The EUIPO compares several technical solutions and makes a differentiation between legal and technical opt-outs. In a nutshell, the EUIPO provides a sophisticated comparison with over 17 different criteria such as typology of the opt-out based on location/file/work/repertoire, versatility, robustness, ease of implementation and offline/online applicability. The EUIPO considers none of the compared solutions as ideal, especially due to their inherent lack of enforcement.
According to the study, the Robots Exclusion Protocol (“REP”) can be currently considered a de facto standard to restrict web-scraping. However, REP is only considered a temporary solution for TDM opt-outs by the EUIPO, mainly because of its limited granularity and use-specificity.
Legally driven measures include unilateral opt-out declarations such as simple letters from rightsholders or databases including digitalized declarations, licensing constraints, and website terms and conditions.
Technical measures include the TDM Reservation Protocol, the C2PA Training and Data Mining Assertions, the JPEG Trust Rights Declaration, Spawning.AI’s solutions, the use of Liccium Infrastructure, and the Valunode Open Rights Data Exchange.
Compared to above opt-out mechanisms, the requirements for transparency specifications are even newer and therefore less examined. The study provides helpful guidance with differentiating AI output such as music, books and images. In this regard, the EUIPO explains two different approaches to transparency solutions. Examples of these techniques are compared in detail based on ten criteria, including market maturity, cost implication, robustness, interoperability, scalability and reliability.
Provenance tracking is an approach that seeks to certify the entire lifecycle of a digital asset to ensure a reliable record of the asset's history. This history is often encoded in a machine-readable format into the content’s metadata. Examples are C2PA, IPTC Photo Metadata Standard, JPEG Trust or Trace4EU.
Content-Processing Solutions include solutions such as watermarking and fingerprinting. This approach refers to the fact that information is directly included in the digital content itself. Fingerprinting identifies unique patterns in content to detect copies, while watermarking embeds provenance information to prevent or trace unauthorized use.
In addition, the study provides information on how to detect AI generated content and whether a GenAI model has been trained on a specific data point. While this is not related to transparency measures, this will play a critical role in safeguarding consumers against deception and discovery on the training data. A possible solution for detection would be Nvidia’s StyleGAN3 detector.
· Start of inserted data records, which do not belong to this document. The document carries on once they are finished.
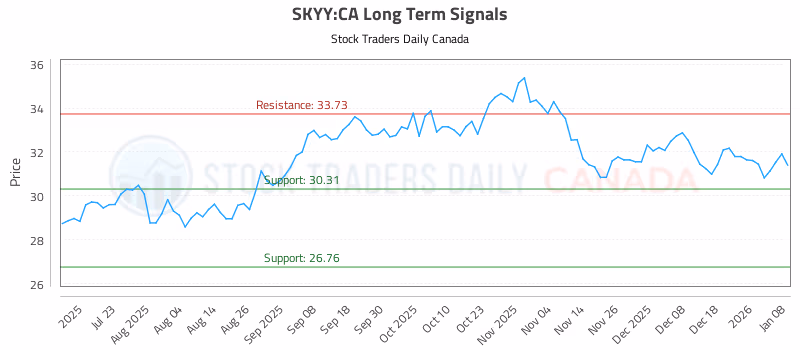 Stock Chart for SKYY:CA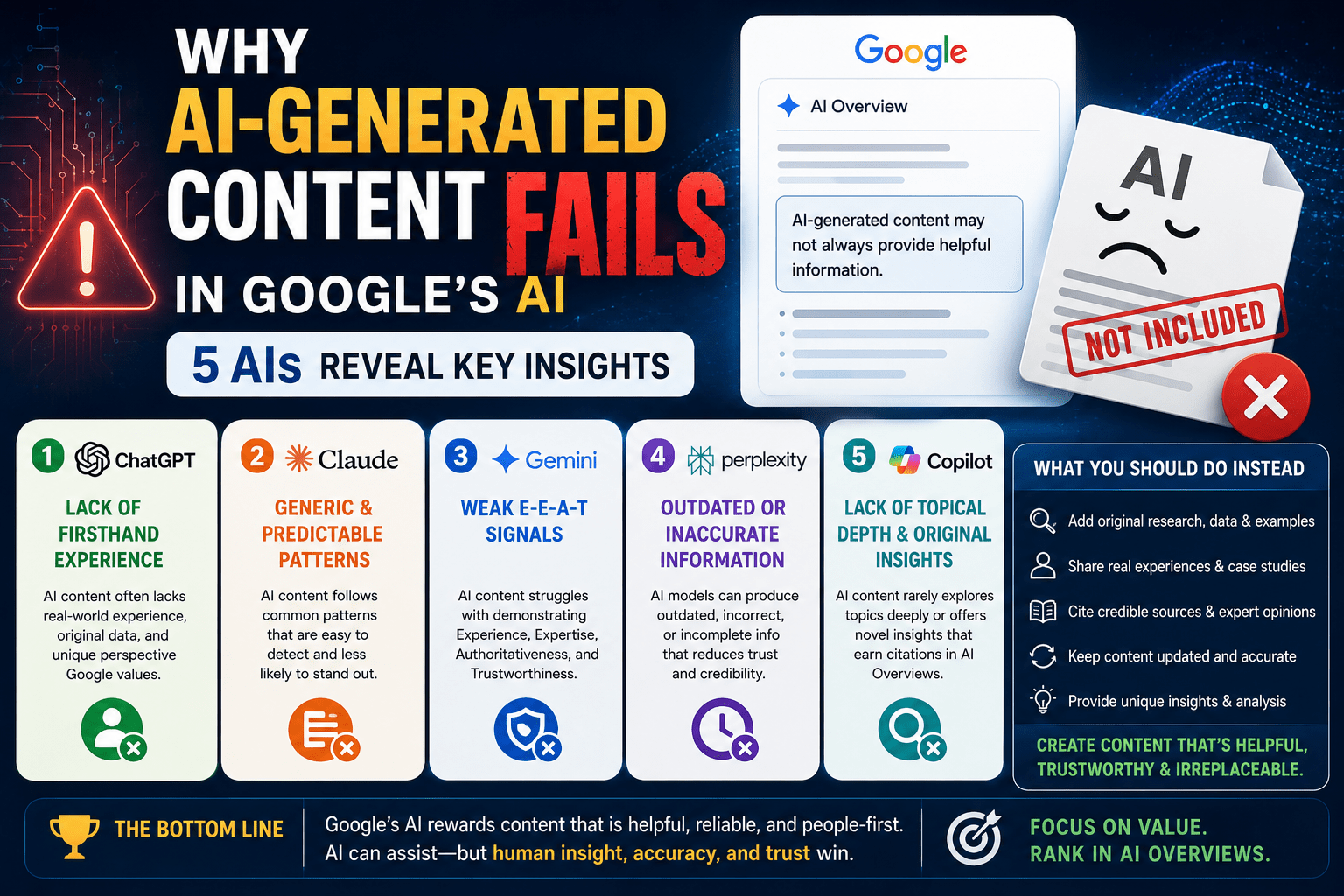 Why Ai-Generated Content Fails In Google’s Ai 5 Ais Reveal Key Insights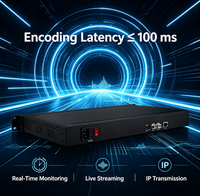 Codificador de Video SDI de 1 Canal, H.265 1080P 60FPS, SDI a IP RTMP SRT RTSP HLS ONVIF IPTV, Codificador de Transmisión en Vivo para Iglesias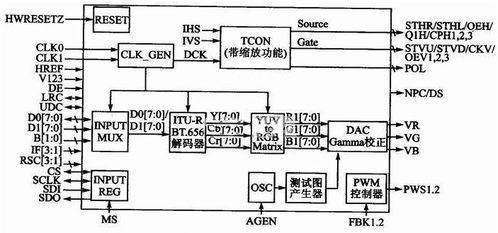 查重系统编码原理详解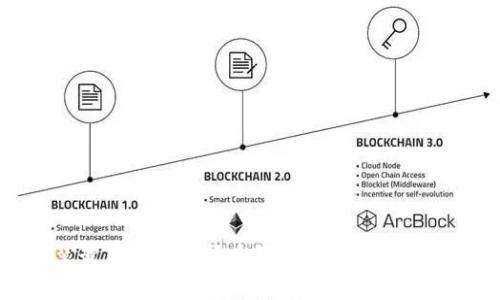 如何下载安装最新版本的华为钱包APP：详细步骤与注意事项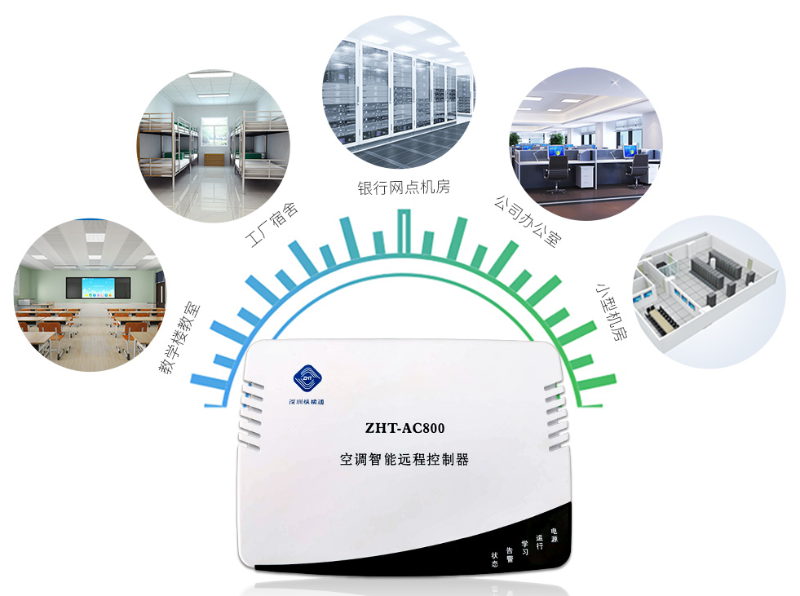 奥马资料大全143基站空调节能控制器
As said, the study does not give answers to legal questions. However, in certain areas, the study is a gold mine for learning about the current market standard for technical solutions. Many other important topics are also addressed. Notably, the study provides an overview of the following: (1) the developing licensing market for training data, (2) AI court proceedings, (3) other copyright-related issues, such as content memorization inside the model and overfitting output.